* **Problem to solve**: Repeat each entry exactly. Drop every image.

━━━━━ Material supplied ━━━━━

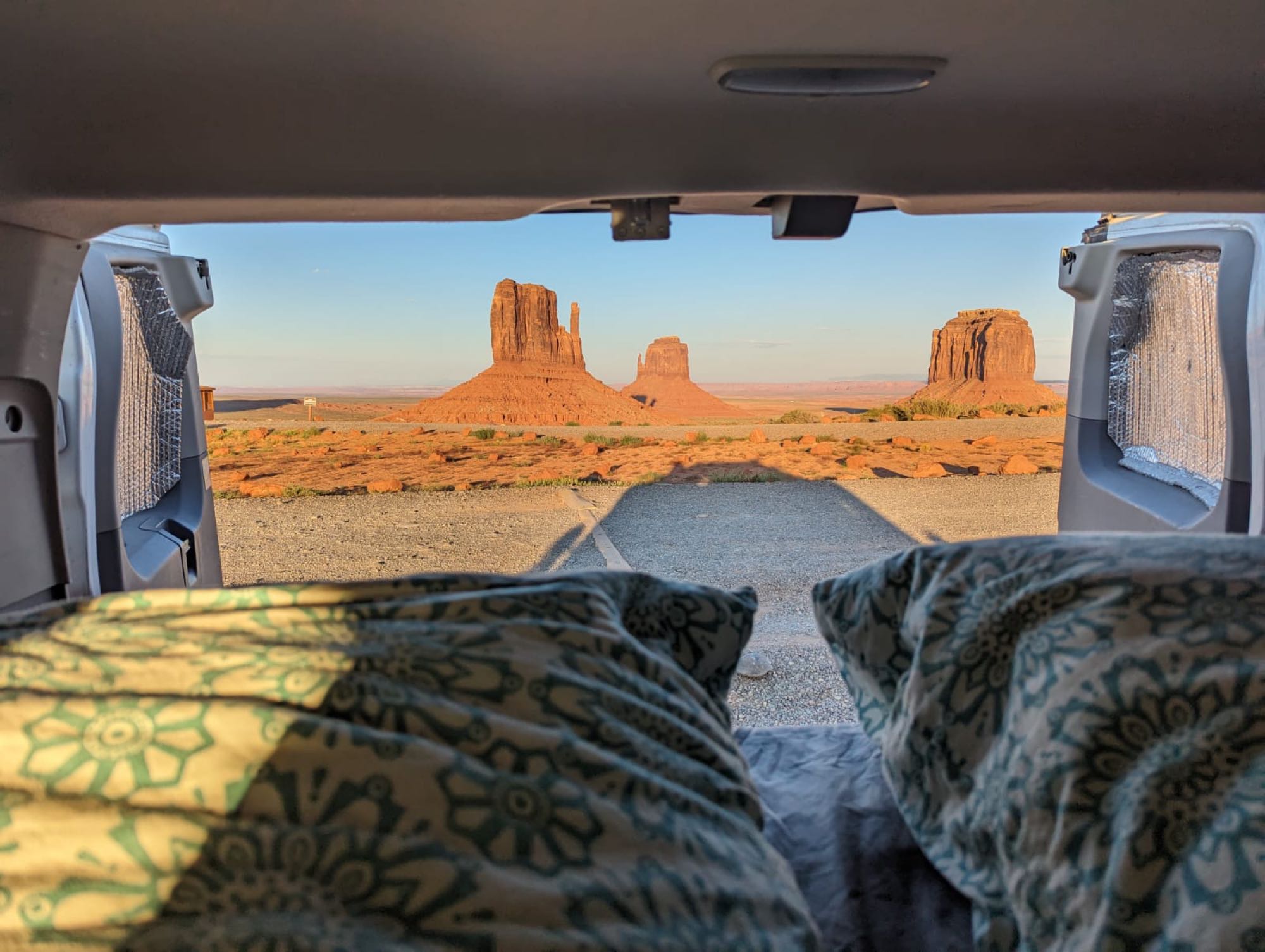 RV rental: Iconic Monument Valley red rock formations glow in golden light, viewed from inside a vehicle's bed.. Ford Transit 2016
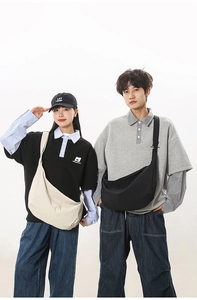 Detailed comparison of beige and black nylon crescent crossbody bags worn by models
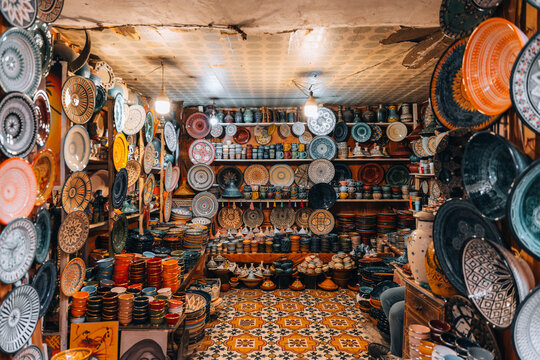 Marrakesh, Morocco - 25 November 2023: View of a traditional pottery shop in the Marrakesh souks, filled with colorful handmade ceramic plates, bowls, and tajines displayed on shelves and walls.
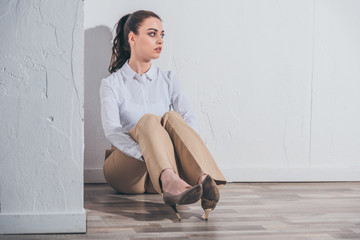 upset woman in white blouse and beige pants sitting on floor near white wall at home, grieving disorder concept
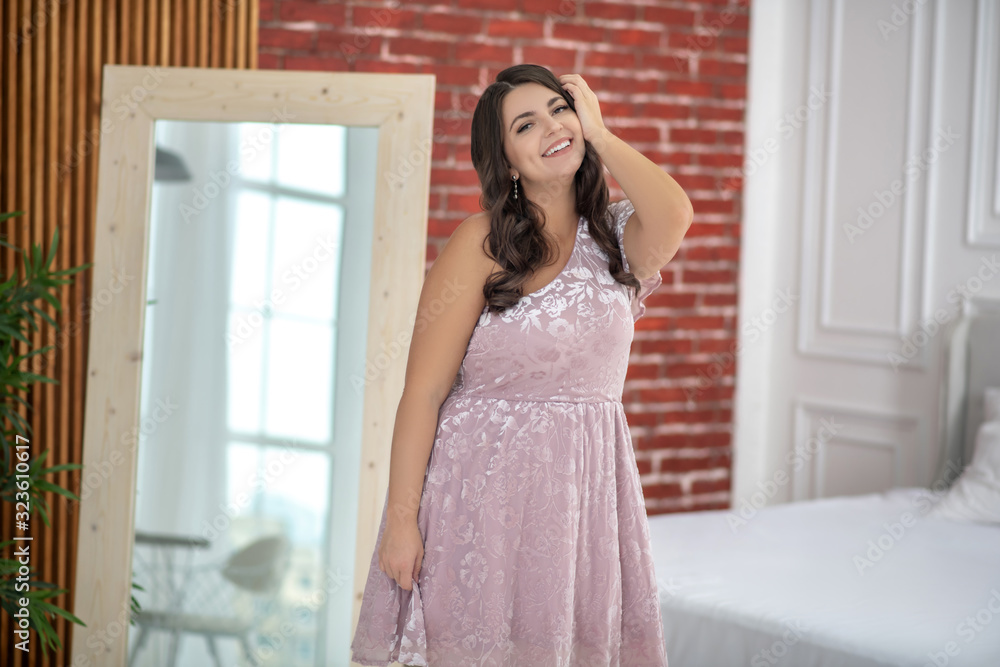 Young plus-size woman in a pink dress feeling great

━━━━━

* **Solution**:
 RV rental: Iconic Monument Valley red rock formations glow in golden light, viewed from inside a vehicle's bed.. Ford Transit 2016
 Detailed comparison of beige and black nylon crescent crossbody bags worn by models
 Marrakesh, Morocco - 25 November 2023: View of a traditional pottery shop in the Marrakesh souks, filled with colorful handmade ceramic plates, bowls, and tajines displayed on shelves and walls.
 upset woman in white blouse and beige pants sitting on floor near white wall at home, grieving disorder concept
 Young plus-size woman in a pink dress feeling great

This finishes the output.